***** Data for processing

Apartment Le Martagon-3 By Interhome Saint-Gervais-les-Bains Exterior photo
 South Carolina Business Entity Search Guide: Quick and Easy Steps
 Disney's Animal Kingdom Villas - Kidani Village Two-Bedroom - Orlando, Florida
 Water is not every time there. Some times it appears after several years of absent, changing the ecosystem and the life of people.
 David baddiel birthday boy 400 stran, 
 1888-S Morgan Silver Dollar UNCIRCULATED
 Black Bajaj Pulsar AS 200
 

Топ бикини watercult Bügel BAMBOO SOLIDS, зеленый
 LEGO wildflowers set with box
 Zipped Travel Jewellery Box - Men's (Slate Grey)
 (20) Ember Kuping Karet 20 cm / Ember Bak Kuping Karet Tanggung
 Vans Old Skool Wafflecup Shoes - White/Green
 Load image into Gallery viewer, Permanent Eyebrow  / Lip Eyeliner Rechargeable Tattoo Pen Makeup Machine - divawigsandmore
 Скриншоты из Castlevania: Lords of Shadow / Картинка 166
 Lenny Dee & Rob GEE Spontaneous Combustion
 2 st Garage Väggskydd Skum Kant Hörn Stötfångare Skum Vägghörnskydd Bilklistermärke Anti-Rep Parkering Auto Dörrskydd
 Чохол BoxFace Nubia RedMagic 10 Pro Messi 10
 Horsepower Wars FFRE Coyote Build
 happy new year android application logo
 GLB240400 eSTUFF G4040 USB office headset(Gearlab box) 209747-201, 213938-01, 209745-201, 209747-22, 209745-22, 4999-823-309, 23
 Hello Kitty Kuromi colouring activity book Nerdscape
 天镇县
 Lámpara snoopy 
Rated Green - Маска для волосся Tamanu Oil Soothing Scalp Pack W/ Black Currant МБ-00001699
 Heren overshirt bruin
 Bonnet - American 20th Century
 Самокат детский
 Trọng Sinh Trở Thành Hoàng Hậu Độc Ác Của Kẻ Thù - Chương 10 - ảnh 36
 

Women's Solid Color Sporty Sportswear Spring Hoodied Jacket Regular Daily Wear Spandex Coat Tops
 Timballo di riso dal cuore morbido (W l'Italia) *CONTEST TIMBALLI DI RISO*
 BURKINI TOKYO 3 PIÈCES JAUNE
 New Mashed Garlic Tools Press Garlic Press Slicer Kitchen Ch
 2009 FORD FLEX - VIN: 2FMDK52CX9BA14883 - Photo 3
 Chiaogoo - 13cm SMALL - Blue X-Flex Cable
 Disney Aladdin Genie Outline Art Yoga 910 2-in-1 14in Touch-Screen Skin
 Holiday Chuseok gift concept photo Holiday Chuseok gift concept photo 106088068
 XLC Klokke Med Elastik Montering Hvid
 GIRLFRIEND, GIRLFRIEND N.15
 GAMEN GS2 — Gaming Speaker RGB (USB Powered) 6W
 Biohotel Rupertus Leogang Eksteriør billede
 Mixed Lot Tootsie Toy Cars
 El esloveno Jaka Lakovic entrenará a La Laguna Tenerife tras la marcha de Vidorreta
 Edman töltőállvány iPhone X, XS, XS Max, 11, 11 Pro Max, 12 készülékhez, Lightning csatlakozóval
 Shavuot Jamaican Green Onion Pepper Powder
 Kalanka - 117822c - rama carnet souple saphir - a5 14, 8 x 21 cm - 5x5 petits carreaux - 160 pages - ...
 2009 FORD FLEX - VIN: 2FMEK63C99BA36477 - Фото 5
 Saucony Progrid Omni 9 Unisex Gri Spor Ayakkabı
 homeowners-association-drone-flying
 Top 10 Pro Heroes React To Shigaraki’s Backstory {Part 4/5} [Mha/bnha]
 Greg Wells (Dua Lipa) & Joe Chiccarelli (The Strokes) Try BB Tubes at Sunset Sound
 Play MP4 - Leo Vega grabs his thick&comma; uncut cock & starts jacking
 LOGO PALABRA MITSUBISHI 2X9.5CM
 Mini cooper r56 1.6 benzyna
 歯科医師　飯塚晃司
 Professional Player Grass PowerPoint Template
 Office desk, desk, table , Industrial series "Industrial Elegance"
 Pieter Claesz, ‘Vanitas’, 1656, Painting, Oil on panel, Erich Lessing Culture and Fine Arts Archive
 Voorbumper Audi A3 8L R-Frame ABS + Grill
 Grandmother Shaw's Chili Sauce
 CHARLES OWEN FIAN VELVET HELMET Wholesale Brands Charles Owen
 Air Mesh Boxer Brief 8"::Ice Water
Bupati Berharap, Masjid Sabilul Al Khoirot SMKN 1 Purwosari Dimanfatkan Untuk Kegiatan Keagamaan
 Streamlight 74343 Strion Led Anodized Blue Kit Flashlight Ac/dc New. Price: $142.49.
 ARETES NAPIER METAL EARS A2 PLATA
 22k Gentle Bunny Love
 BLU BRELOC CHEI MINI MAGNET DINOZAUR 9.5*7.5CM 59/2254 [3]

**********

**Problem to solve:** Within the entries above, how many lines include the word "Disney"? Respond with the number only.

**Output below:** 2